National standards under the Prison Rape Elimination Act of 2003 (PREA) require prison systems to change how they do business to ensure that prisoners, including LGBT prisoners, are protected and not subjected to cruel and unusual punishment. This means making individual, humane decisions rather than relying on solitary confinement or automatically housing a prisoner according to their anatomy rather than their gender identity. It also means ending humiliation and retaliation.
We are starting to see some changes, and some officials are truly committed to upholding the law, but there is still a long way to go. Our public officials need to be vigilant in ensuring that these standards are followed, that bias and cruelty are not tolerated, that institutional culture is changed, and that factors that contribute to abuse, such as overcrowding, are addressed.
Kylar W. Broadus, Esq., Senior Policy Counsel on Transgender Civil Rights Project for the National Gay and Lesbian Task Force, gave me some statistical information on the prison system:
In 2008, the National Center for Transgender Equality (NCTE) and the National Gay and Lesbian Task Force launched a nationwide study of anti-transgender discrimination in the United States. Over a six-month period, 6,456 transgender and gender non-conforming people answered a seventy-question survey, reporting on their experiences of discrimination and abuse at home, in school, in the public sphere, and in the workplace, as well as with landlords, doctors, and public officials, including judges and police.
The survey results revealed that transgender and gender non-conforming people face pervasive discrimination in virtually all aspects of their lives. Possibly the most dangerous gendered space for transgender and gender non-conforming people is jail or prison, where there is no escape from harassment and assault at the hands of corrections officers and other inmates.
Correctional staff are frequently cited as participating in harassment, violence, and sexual assault -- a serious abuse of authority. Abuse and violence continues in situations where transgendered individuals often have no protection or escape.
Here are some relevant findings from the study that Broadus references:
- Harassment: Transgender prisoners face harassment by correctional officers, staff, and other inmates. Thirty-five percent of respondents who had served time in jail or prison reported harassment by other inmates. Thirty-seven percent reported harassment by correctional officers or staff.
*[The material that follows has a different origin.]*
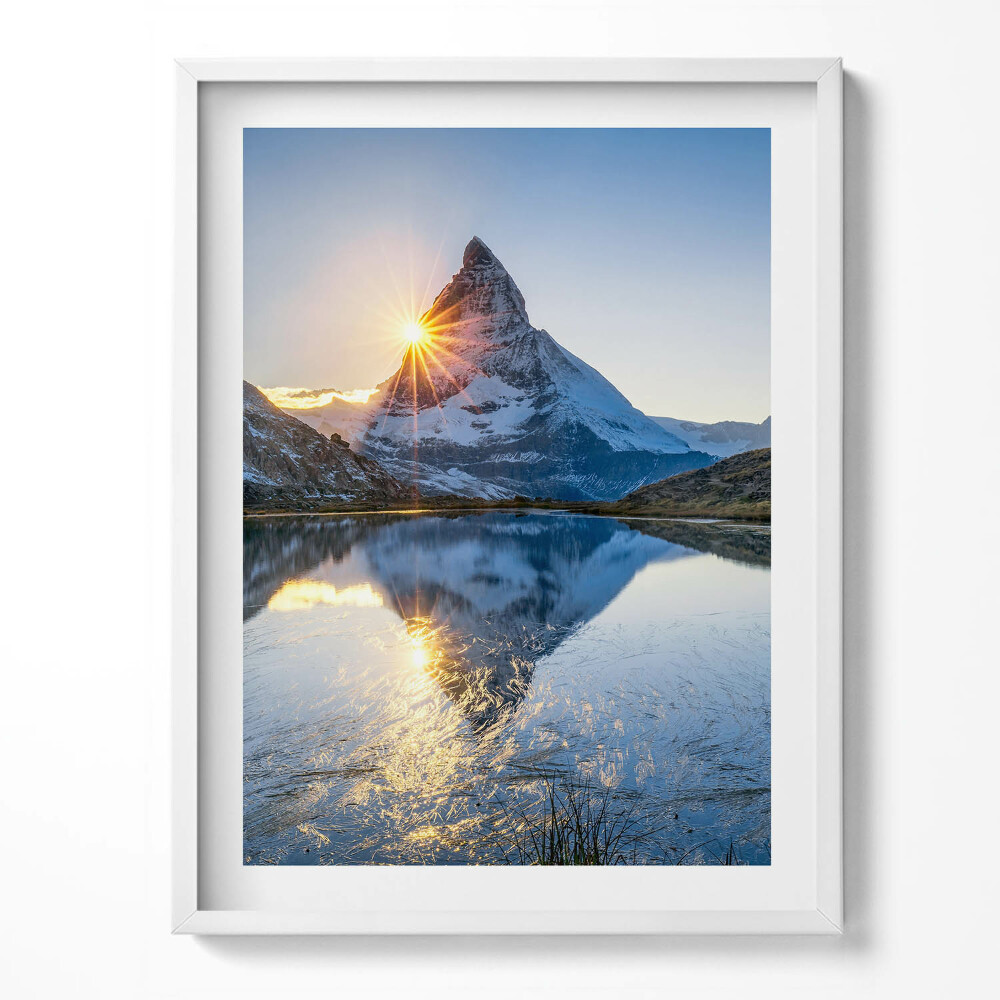 Tablou rama Peisaj al unui munte singuratic și al soarelui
About half (44 to 56 percent) of respondents of color who had served time in jail or prison had experienced harassment by officers or staff. This is a higher rate than that of their white peers.
I believe that prison is bad enough without having to endure mistreatment for being LGBT, but after two months of research and reading this report by the California Correctional Peace Officers Association, I worry that some employees of the CDCR might believe that they are free to violate basic human rights and fair treatment of prisoners. The CDCR should have oversight and accountability to the taxpayers and state officials. California is not a Third World country, after all.
I have no sympathy for people who abuse their authority and beat up other people, so I will be following up on this situation with the CDCR. I assure you that if the prisoner's allegations are true, any corrections officers who are found to be perpetrators of the alleged abuse will quickly find that they are not above the law.
But to those employees of the CDCR who are doing their work with integrity: I thank you for your public service.
Elizabeth Mcelroy contributed to this blog post.